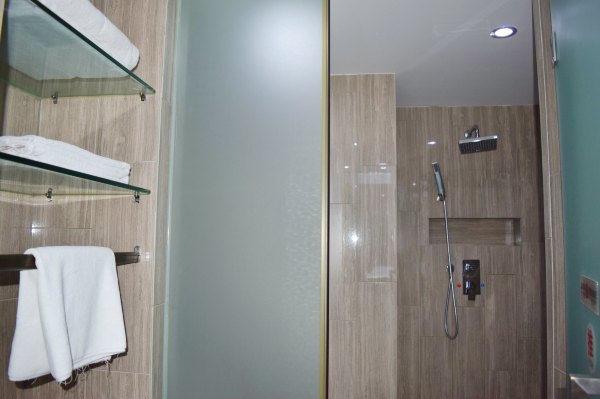 南宁高楼夜景酒店推荐,南宁万象城附近景观酒店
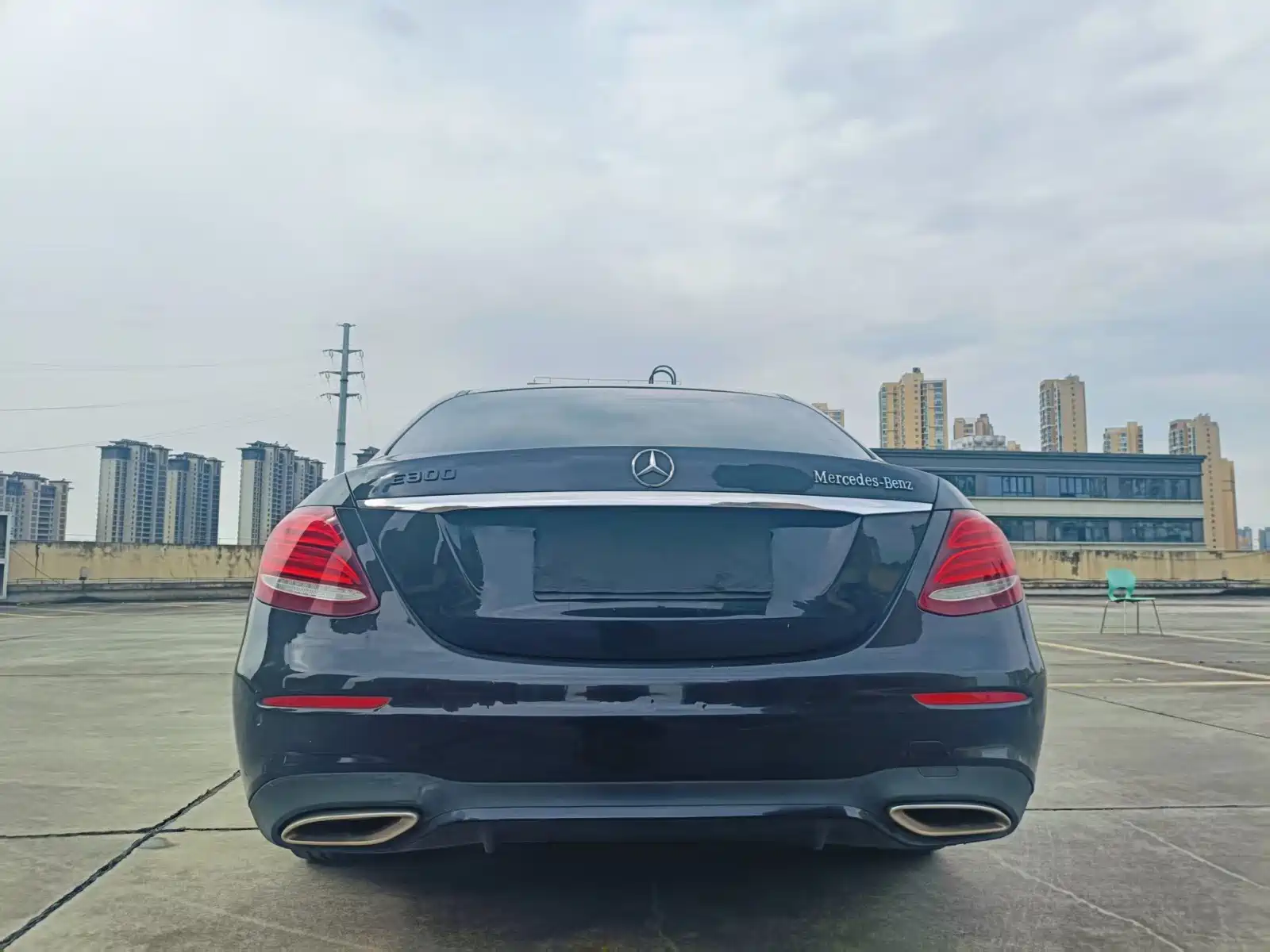 Photo 8 - Mercedes-Benz E-Class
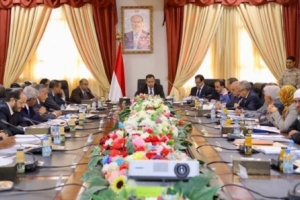 مصدر مسئول: الحكومة الشرعية تستغل الخدمات لتضغط على التحالف والانتقالي 
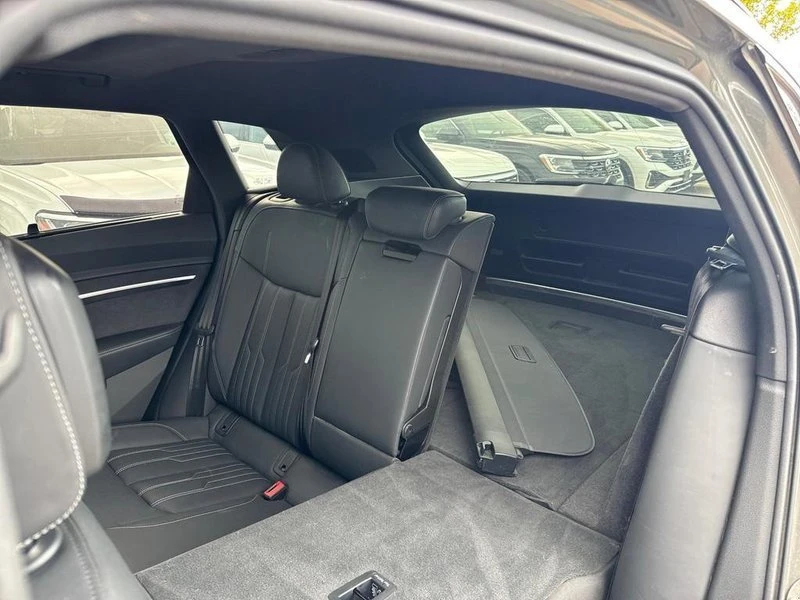 2022 Audi e-tron - Image 5 of 5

*INSTRUCTIONS FOR THE TASK*
The answer must be the whole listing, word for word, with no pictures in it. Please write it out.

*EXERCISE ANSWER*
 南宁高楼夜景酒店推荐,南宁万象城附近景观酒店
 Photo 8 - Mercedes-Benz E-Class
 مصدر مسئول: الحكومة الشرعية تستغل الخدمات لتضغط على التحالف والانتقالي 
 2022 Audi e-tron - Image 5 of 5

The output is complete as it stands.